2. I can’t stand the ending mix of stocks and bonds.

 

The ending mix for AROIX is similar to other Target Date funds I find: 40% stocks and 60% bonds. You see this by selecting “GLIDEPATH” under Composition on that same page for AROIX. I shudder at the thought of retirees having a mix of 60% stocks and 40% bonds, and AROIX doesn’t even get close to this. My niece should NOT be entering retirement with that horrible mix of stocks and bonds.

 

Here’s the problem: we work back on what’s the proper mix of stocks and bonds at the start of her retirement – when she first starts to withdraw from her retirement plan. I run through this discussion in Chapter 8, NEC, and conclude there is little to justify less than 75% stocks. But I run two cases in FIRECalc and summarize them here:

 

 

Let’s assume you want 20 years of ZERO CHANCE of depleting your portfolio assuming the MOST HORRIBLE sequence of financial returns in history.

 

A mix of just 40% stocks buys you about $3,000 more per year of Safe Spending Rate (SSR%) than a mix of 75% stocks. That’s about 7% better.

 

But the cost – or tradeoff for that $3,000 more per year – is $700,000 in potential portfolio value if the return sequence you face is an average one. Would anyone really take $3,000 more per year with the expected result of having $700,000 less in 20 years?

 

This added $700,000 really means that my niece – at 75% mix of stocks – will Recalculate (Chapter 9, NEC) to FAR GREATER annual Safe Spending Amount (SSA) over time than if she was at 40% mix of stocks. How much more per year depends on how frequently she recalculates her SSA. But the ROUGH translation of that $700,000 works out to average $35,000 more per year in real spending power over 20 years – her approximate life expectancy at age 65 – than the starting $44,000: that’s the added $700,000 divided by 20 years.

 

Solution: just spend a few bucks less per year and use a mix of 75% to 85% stocks. You get the same safety – the same number of years of ZERO CHANCE of depleting your portfolio, but MUCH GREATER potential growth in your portfolio. Much greater growth translates to more to spend in retirement and/or much more in the future. That should be a very easy decision.

 

3. I hate the expense ratio.

 

The expense ratio for AROIX is .89%. WAY, WAY TOO HIGH. Over the 25 years to 2045, I’d estimate that the fund averages 50% stocks and 50% bonds.
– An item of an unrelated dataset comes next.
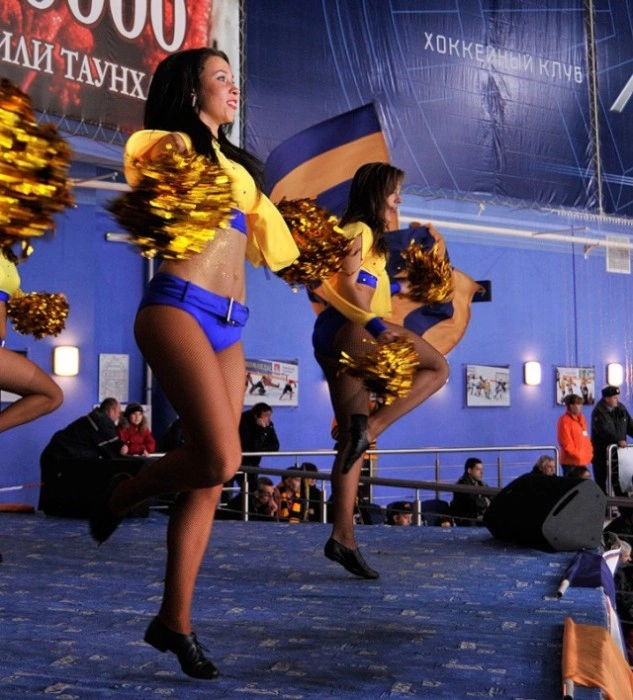 Дівчата з команд підтримки КХЛ (46 фото) – фото 13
That means the expected return before costs is about 4.7% real return. The .9% is eating nearly 20% of the return potential and growth over time. THIS IS CRAZY. This fund combines low mix of stocks and high investing cost. DON’T GO THERE.

 

 

 

== Better choices ==

 

The plan had many other choices. A few were low-cost index funds. I recommended 100% stock and three index funds: the first two add to my attempt for the US total market. Her total investing cost is about .03% per year or 1/30th that of AROIX.

 

 

 

Conclusion: My niece asked if the default choice for her 401k – a Target Date fund – was a good pick. I do not like this choice AT ALL: too low mix of stocks now; too low mix of stocks on the target date; WAY, WAY too high of expense ratio that likely will consume 20% of growth over time. She had a far better choice of three index funds that cover US and International stocks. Her combined expense ratio is 1/30th of the default; she won’t be giving up that 20% of growth.